* RECORDS *

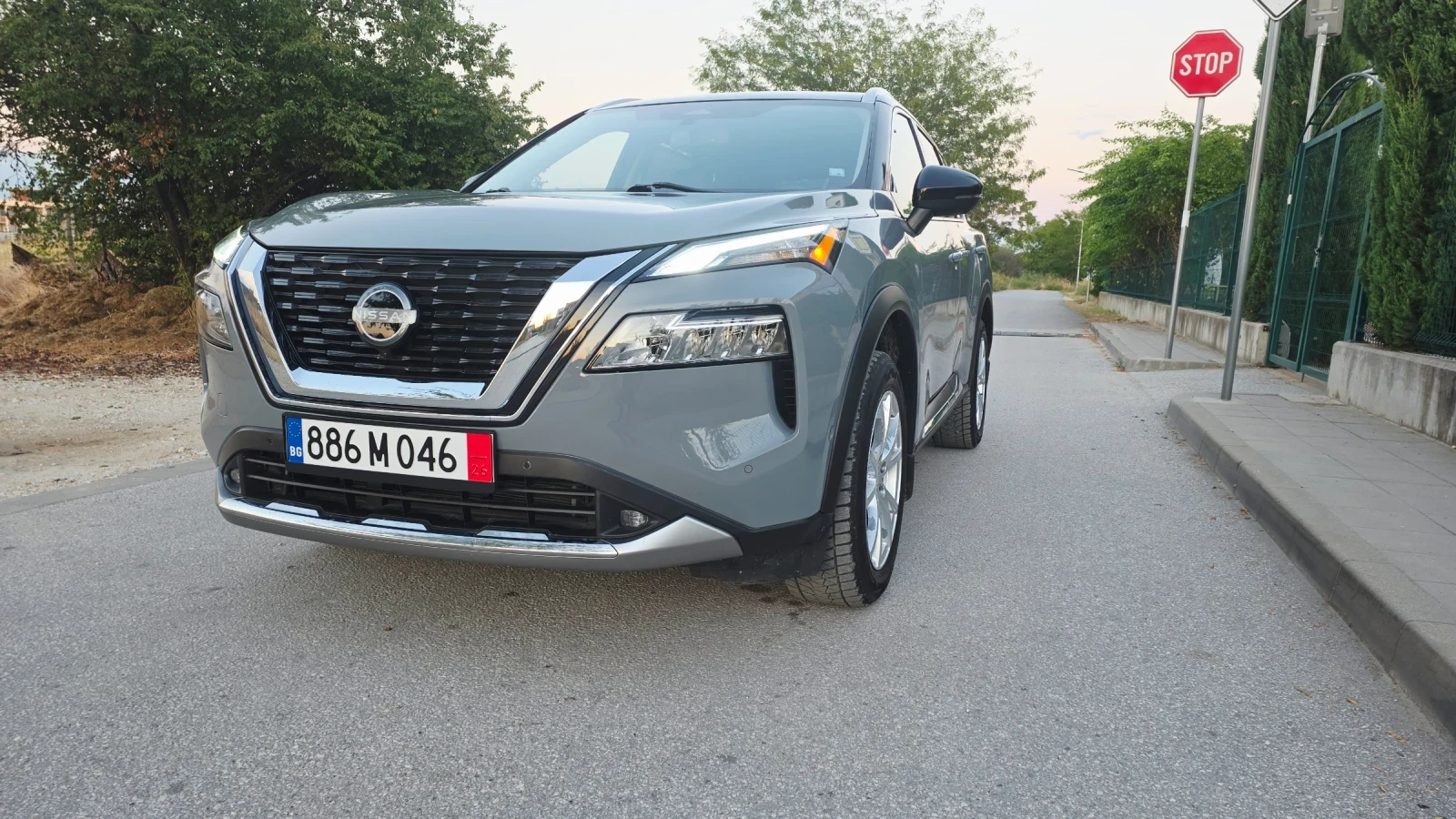 Nissan Rogue Nissan Rogue 2.5 PLATINUM DISTRONIK Хедъп 360, снимка 2 - Автомобили и джипове - 56107633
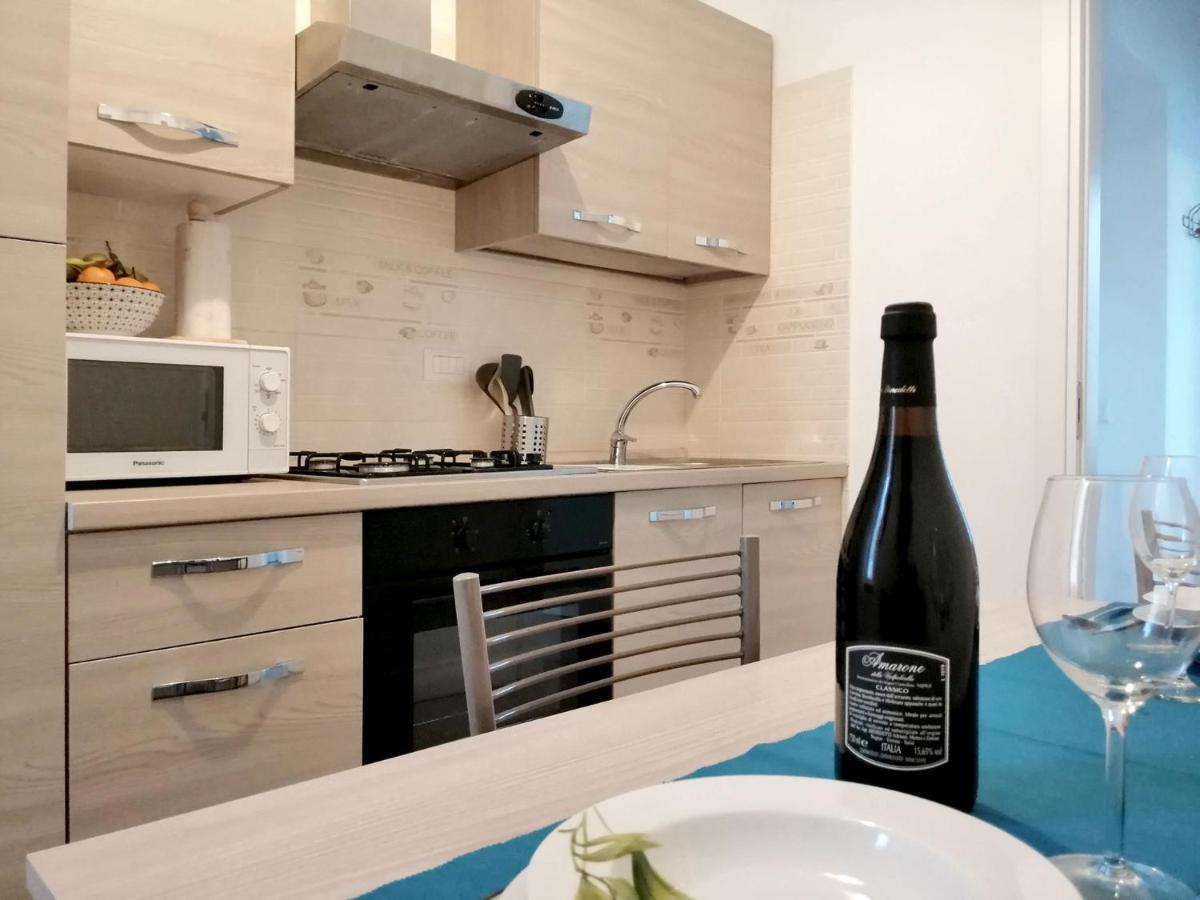 Appartamento Aida - Near The Center With Private Parking E Ac โกโม ภายนอก รูปภาพ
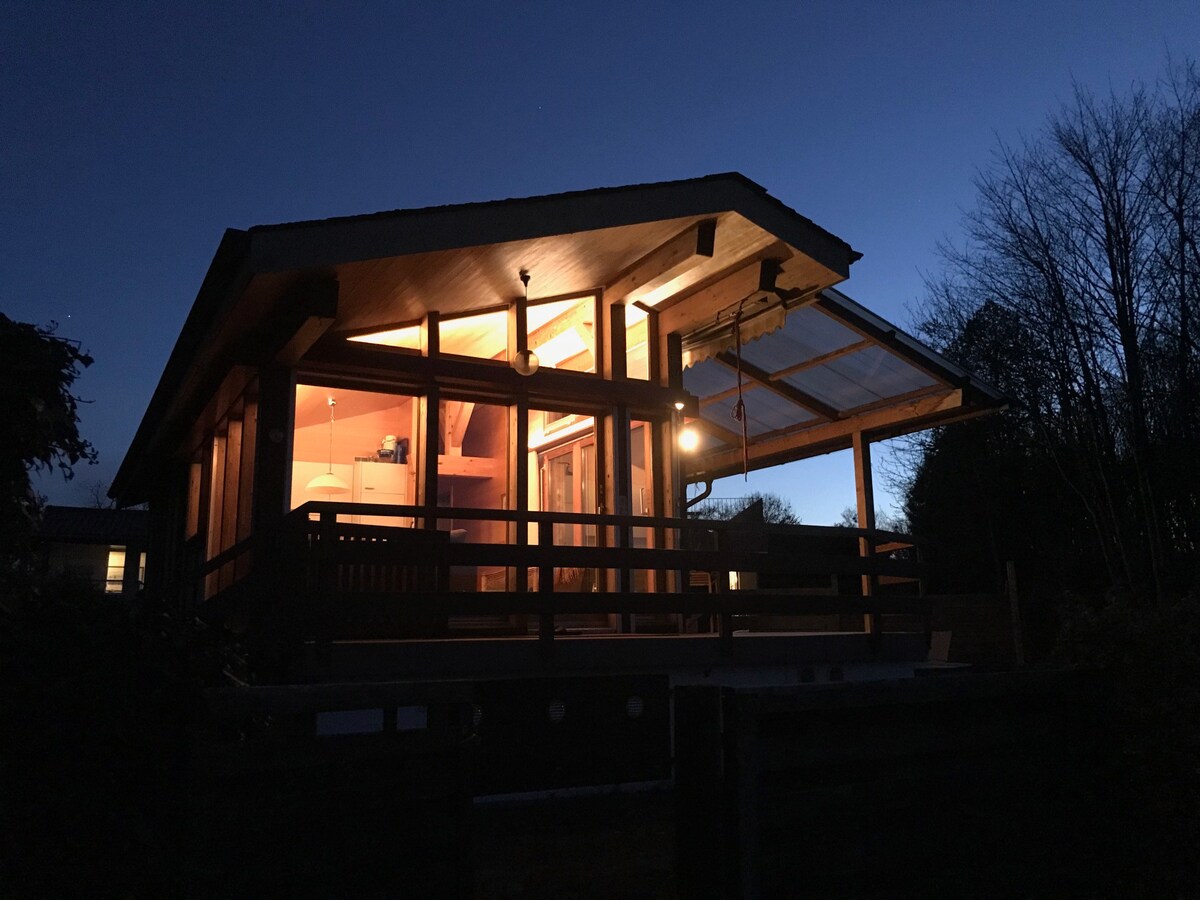 Cottage de Vully on the lakeshore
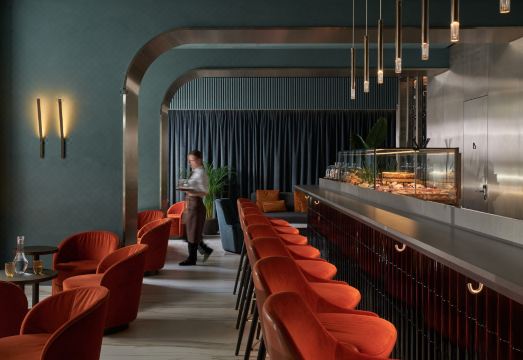 1. 더 훌리우스 프..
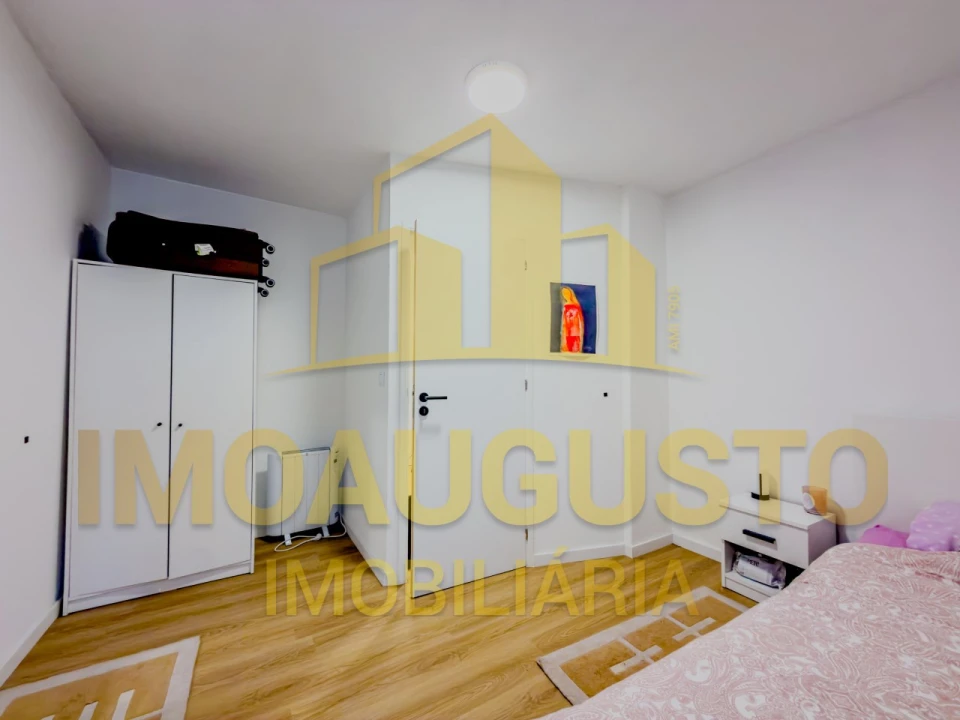 Apartamento T4 para Venda em Guarda Foto 10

* PROMPT *
When you reach an image, pass over it, and retype all other material exactly.

* WRITTEN REPLY *
 Nissan Rogue Nissan Rogue 2.5 PLATINUM DISTRONIK Хедъп 360, снимка 2 - Автомобили и джипове - 56107633
 Appartamento Aida - Near The Center With Private Parking E Ac โกโม ภายนอก รูปภาพ
 Cottage de Vully on the lakeshore
 1. 더 훌리우스 프..
 Apartamento T4 para Venda em Guarda Foto 10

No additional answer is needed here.